Prof: Vólia Bomfim Cassar*

 

A reforma trabalhista começou timidamente com um projeto de sete artigos e se transformou numa radical mudança, não só da legislação trabalhista, mas também da estrutura do Direito do Trabalho, seus princípios e fundamentos.

 A lei 13.467/17 que entrou em vigor no dia 11 de novembro, modificou mais de 117 artigos tanto da CLT como das leis 8.213/91, 8.036/90 e 13.429/17. Na prática as alterações impactam em mais de 200 dispositivos legais relativos tanto ao direito material como processual. 

 Este artigo visa explorar o tema apenas sob o enfoque de uma das maiores novidades trazidas pela reforma: o contrato intermitente.

 

O que é o contrato intermitente

 A lei 13.467/2017 acresceu à CLT os artigos 452-A e as seguintes e alterou o art. 443 da legislação para criar o contrato intermitente.

 O conceito de contrato intermitente está no parágrafo 3º do artigo 443 da CLT:

 Considera-se como intermitente o contrato de trabalho no qual a prestação de serviços, com subordinação, não é contínua, ocorrendo com alternância de períodos de prestação de serviços e de inatividade, determinados em horas, dias ou meses, independentemente do tipo de atividade do empregado e do empregador, exceto para os aeronautas, regidos por legislação própria.

 O contrato de trabalho pode ser ajustado para trabalho intermitente, isto é, para serviçosdescontínuos e transitórios, com alternância de períodos de trabalho e de inatividade.

Algumas vezes a necessidade do serviço é imprevisível e pode variar de tempos em tempos. Essa espécie de contrato não se aplica aos aeronautas. 

 O período de inatividade será considerado como suspensão do contrato de trabalho e, na forma parágrafo 5º do artigo 452-A da CLT.

Não será computado como tempo à disposição, podendo o trabalhador prestar serviços a outros tomadores. Aliás, poderá o prestador de serviços recusar as convocações ao trabalho, pois não será considerado como ato de insubordinação.
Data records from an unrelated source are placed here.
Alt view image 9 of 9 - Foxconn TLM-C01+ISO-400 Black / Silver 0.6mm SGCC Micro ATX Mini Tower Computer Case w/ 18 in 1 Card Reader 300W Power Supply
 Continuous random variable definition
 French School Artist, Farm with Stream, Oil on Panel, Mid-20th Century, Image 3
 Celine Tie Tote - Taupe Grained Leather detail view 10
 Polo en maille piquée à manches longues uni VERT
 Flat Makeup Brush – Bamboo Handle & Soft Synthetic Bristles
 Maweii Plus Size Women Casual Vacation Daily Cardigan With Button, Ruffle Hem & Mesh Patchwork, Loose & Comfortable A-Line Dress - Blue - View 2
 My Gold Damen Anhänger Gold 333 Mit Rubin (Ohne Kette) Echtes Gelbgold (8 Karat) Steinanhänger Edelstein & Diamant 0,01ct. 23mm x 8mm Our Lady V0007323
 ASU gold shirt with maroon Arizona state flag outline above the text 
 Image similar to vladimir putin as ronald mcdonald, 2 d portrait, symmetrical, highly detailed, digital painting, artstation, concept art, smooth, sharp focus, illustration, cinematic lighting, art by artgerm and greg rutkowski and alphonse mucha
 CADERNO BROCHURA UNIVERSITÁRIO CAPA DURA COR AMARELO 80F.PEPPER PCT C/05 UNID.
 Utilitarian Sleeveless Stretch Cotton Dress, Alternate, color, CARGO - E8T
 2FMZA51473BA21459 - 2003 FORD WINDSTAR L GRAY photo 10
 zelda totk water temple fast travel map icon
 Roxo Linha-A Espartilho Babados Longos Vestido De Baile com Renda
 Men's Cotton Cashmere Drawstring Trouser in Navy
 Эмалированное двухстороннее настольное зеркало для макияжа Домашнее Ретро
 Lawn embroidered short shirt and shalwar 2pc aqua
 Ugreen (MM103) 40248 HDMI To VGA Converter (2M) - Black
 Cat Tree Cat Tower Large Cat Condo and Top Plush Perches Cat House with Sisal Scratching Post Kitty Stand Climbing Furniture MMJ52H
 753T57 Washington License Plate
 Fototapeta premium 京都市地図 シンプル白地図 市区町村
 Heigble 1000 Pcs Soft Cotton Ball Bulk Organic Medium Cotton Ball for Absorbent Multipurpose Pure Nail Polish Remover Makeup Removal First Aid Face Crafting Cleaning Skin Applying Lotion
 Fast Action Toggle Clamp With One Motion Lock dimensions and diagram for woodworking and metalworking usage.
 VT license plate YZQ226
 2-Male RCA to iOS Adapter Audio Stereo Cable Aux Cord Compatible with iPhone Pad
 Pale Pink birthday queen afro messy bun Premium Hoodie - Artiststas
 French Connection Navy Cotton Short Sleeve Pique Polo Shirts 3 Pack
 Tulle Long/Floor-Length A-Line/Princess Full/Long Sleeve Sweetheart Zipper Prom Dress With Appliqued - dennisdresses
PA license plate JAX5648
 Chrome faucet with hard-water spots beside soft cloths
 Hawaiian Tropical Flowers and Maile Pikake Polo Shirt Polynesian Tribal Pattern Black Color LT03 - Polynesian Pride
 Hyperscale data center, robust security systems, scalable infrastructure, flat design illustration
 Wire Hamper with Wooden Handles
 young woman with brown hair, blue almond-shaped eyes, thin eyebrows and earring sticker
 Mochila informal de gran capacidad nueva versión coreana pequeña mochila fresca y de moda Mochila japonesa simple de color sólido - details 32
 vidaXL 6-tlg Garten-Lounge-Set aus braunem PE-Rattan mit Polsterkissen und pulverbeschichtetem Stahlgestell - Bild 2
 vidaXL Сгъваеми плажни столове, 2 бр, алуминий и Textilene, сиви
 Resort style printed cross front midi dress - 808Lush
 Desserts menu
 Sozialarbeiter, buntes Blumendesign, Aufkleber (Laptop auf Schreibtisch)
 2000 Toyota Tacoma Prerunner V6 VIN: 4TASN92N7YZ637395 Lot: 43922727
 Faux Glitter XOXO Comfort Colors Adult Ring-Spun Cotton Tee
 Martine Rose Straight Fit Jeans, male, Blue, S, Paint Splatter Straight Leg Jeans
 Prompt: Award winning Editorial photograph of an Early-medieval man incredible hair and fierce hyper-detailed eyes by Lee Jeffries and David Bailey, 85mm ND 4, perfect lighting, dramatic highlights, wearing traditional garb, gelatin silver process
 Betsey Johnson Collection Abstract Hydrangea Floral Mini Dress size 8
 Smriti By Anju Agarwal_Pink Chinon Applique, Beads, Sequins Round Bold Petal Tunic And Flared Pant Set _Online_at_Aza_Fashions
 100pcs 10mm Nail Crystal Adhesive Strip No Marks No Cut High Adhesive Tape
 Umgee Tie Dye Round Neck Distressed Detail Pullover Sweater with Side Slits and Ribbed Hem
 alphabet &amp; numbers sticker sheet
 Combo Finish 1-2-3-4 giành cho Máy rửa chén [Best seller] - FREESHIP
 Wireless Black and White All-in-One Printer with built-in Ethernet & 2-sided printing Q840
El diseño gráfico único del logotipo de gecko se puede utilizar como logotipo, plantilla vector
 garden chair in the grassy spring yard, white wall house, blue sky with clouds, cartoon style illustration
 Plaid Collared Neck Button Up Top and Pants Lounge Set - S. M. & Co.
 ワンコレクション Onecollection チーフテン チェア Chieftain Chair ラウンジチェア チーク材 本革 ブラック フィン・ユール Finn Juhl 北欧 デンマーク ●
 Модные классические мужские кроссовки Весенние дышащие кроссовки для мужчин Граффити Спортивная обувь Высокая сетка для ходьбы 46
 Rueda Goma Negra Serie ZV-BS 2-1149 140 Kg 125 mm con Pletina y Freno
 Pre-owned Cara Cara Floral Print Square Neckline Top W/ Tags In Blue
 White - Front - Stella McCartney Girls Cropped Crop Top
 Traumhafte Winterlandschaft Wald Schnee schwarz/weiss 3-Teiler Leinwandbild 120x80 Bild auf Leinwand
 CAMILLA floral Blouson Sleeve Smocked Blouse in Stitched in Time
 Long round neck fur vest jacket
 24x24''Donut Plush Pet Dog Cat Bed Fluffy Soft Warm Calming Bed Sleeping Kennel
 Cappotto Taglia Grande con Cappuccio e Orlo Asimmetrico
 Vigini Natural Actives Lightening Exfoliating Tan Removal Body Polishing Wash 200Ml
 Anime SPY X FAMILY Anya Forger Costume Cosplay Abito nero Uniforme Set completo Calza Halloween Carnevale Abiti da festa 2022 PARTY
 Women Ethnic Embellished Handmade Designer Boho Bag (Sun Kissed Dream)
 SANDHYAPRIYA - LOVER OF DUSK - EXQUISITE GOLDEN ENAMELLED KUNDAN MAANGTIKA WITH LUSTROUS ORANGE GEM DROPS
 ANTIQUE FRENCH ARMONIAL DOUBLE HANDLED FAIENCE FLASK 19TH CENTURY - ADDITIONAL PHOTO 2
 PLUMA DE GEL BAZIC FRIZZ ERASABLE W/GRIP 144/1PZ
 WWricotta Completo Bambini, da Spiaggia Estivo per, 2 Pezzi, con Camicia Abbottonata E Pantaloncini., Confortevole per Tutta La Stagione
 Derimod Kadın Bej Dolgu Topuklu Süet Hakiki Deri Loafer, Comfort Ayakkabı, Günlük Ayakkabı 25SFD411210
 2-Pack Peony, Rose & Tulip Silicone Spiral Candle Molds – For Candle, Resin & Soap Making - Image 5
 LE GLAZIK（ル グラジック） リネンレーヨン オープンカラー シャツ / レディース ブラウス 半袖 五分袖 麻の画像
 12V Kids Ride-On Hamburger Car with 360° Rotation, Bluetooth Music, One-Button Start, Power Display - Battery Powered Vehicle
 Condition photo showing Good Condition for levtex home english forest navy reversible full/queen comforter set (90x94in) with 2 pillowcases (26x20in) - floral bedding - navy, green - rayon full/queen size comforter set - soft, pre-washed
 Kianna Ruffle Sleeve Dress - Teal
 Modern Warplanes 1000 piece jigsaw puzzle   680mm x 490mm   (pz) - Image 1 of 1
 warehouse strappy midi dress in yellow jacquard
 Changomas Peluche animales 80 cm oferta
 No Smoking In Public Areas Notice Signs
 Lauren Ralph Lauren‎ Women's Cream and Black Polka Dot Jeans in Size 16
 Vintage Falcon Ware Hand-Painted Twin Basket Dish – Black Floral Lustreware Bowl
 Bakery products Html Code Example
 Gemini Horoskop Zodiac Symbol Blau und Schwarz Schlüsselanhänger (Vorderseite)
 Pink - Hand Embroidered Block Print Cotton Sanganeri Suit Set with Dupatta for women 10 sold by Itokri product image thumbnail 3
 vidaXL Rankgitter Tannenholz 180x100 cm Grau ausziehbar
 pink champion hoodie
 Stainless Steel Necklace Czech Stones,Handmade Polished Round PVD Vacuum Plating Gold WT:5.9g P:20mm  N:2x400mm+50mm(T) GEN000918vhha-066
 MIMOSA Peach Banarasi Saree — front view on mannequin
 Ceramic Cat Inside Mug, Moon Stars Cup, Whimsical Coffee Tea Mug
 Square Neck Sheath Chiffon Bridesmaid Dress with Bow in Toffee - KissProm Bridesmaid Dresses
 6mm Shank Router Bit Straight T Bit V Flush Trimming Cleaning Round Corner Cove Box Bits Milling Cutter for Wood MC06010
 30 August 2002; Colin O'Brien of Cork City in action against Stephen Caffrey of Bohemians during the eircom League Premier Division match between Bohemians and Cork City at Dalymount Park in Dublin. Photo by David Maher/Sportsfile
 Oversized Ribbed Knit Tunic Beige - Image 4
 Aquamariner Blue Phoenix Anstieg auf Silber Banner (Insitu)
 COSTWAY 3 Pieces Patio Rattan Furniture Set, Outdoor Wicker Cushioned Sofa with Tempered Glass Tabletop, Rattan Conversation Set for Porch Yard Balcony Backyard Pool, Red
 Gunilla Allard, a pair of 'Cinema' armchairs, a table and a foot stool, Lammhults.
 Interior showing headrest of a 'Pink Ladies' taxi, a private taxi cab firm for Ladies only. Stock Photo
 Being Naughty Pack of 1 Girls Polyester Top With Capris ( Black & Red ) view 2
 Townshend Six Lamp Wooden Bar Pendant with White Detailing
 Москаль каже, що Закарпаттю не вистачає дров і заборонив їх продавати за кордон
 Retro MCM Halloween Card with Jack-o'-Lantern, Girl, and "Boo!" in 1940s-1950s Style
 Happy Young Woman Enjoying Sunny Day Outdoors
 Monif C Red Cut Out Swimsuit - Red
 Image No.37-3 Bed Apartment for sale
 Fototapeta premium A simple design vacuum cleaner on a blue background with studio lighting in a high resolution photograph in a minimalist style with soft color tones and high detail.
 A formalidade exigida pelo caput do art. 452-A da CLT (contrato escrito) é essencial para validade da cláusula de “intermitência”. Isso significa que, se o empregado foi contratado oralmente ou de maneira tácita para trabalhar desta forma, não será regido pelo contrato intermitente e o seu tempo à disposição será contado conforme o art. 4.º da CLT, devendo ser aplicadas as demais regras da legislação.

 

Garantias ao empregado

 De acordo com o art. 452-A da CLT, o contrato de trabalho intermitente deve garantir ao empregado o valor da hora de serviço nunca inferior ao salário mínimo ou àquele devido aos demais empregados do estabelecimento. Logo, foi garantida a isonomia salarial entre os empregados contínuos e os intermitentes.

 Isto é, desde que exerçam a mesma função, que deve ser proporcional ao tempo trabalhado pelo modelo, incidente sobre o salário base e não depende dos requisitos contidos no artigo 461 da CLT, logo, é uma nova modalidade de salário isonômico.

 Não se admite, pela primeira vez de forma expressa na lei, o salário complessivo, pago em única rubrica, isto é, que engloba diversas parcelas em apenas um título, sem discriminar valores de cada uma delas.

O parágrafo 7º do artigo 452-A da CLT é claro na exigência de que o recibo deverá discriminar cada uma das parcelas pagas.

 Para a execução do serviço, basta que o empregador convoque o empregado intermitente, por qualquer meio eficaz, para a prestação de serviços, noticiando a jornada, que não poderá ser superior à legal, sempre com a antecedência mínima de três dias corridos (§ 1.º do art. 542-A da CLT).

 Recebida a convocação, o empregado terá o prazo de um útil dia para responder, presumindo o silêncio como recusa. 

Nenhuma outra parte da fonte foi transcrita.